This article will outline the five main hurdles that borrowers must overcome when seeking approval for a HARP refinance, as well as providing helpful solutions for each when applicable.
Obstacle: Under the current guidelines, HARP approved refinances can only be obtained for Fannie Mae or Freddie Mac mortgages.
Solution: Unfortunately, the HARP program does not make any exceptions to this rule. As such, borrowers can either wait for HARP 3.0 to pass (in which case this requirement will likely be eliminated) or refinance as soon as their LTV ratios reach acceptable levels for more traditional refinance loan products.
Obstacle: To be eligible for a HARP refinance mortgages must have been acquired before June 1, 2009. This stipulation ensures that the HARP refinance solely applies to homeowners who were directly affected by the U.S. housing market decline and mortgage market collapse.
Solution: As with the previous requirement, the HARP program will not make any exceptions to this rule. Accordingly, borrowers can either wait for HARP 3.0 to pass, in which case this requirement will likely be eliminated, or refinance as soon as their LTV ratios reach acceptable levels for more traditional refinance loan products.
Obstacle: Lenders frequently impose and enforce their regulations (also known as overlays) in an attempt to issue refinance loans to borrowers who aren't risky. Typically, these restrictions apply to HARP loan-to-value ratio (LTV) and credit score.

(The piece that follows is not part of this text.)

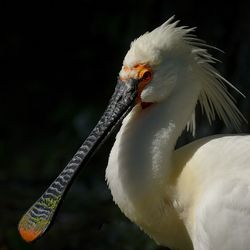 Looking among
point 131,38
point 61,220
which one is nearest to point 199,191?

While the HARP 2.0 program does not restrict borrowers based on their LTV ratios, lenders will often only issue HARP approved loans on refinances to borrowers with LTVs of 125% or below.
Some even cap eligibility at 105%. Likewise, although HARP requirements accept borrowers with a credit score of 620 or higher, lenders frequently expect borrowers to have credit scores of 700 and above for HARP approval.
Solution: Shop around. Each lender has different requirements when issuing HARP refinance loans. As such, borrowers who meet the basic criteria for HARP should compare lenders and pose questions to determine each lender’s expectations and requirements.
While a borrower may be denied for one HARP request, he or she may still qualify with another lender and should not give up the attempt to secure a HARP refinance.
Obstacle: According to current HARP 2.0 regulations, borrowers will only receive HARP approval for a HARP refinance if they have not made any late mortgage payments within the past six months before HARP application.
Additionally, borrowers cannot have made more than one late payment within the last 12 months before the HARP application. These requirements help focus the range of eligible borrowers to those that have managed to uphold their mortgage obligations and continue to make mortgage payments.
Solution: Consider whether a HAMP loan modification might be more applicable or wait to refinance once this requirement is satisfied.
The Home Affordable Modification Program (HAMP) functions parallel to HARP, providing aid to borrowers who were adversely affected by the mortgage market collapse but who were unable to stay current on mortgage payments as a result.
Alternatively, borrowers with the financial means can continue to make mortgage payments until this requirement is satisfied and then refinance through HARP.
Obstacle: Obtaining a HARP refinance with a second mortgage can create difficulties for eligible homeowners. While standard refinance loans typically allow for the combination of the first and second mortgage into the new loan, HARP specifically disallows this aggregation of debt.
Homeowners will be able to receive HARP approval if the second mortgage lender agrees to the second mortgage. While HARP has flexible guidelines, second mortgage holders may enforce equity requirements, refusing borrowers with negative equity and defeating the purpose of the HARP refinance.
Solution: Unfortunately, if the second mortgage lender is entirely unwilling to cooperate and subordinate to the HARP refinance loan, borrowers will not be able to refinance the mortgage.
However, lenders will typically agree to re-subordinate, as refusing to do so could result in borrower default and foreclosure, in which case the second mortgage lender would only receive any remaining funds uncollected by the first mortgage lender.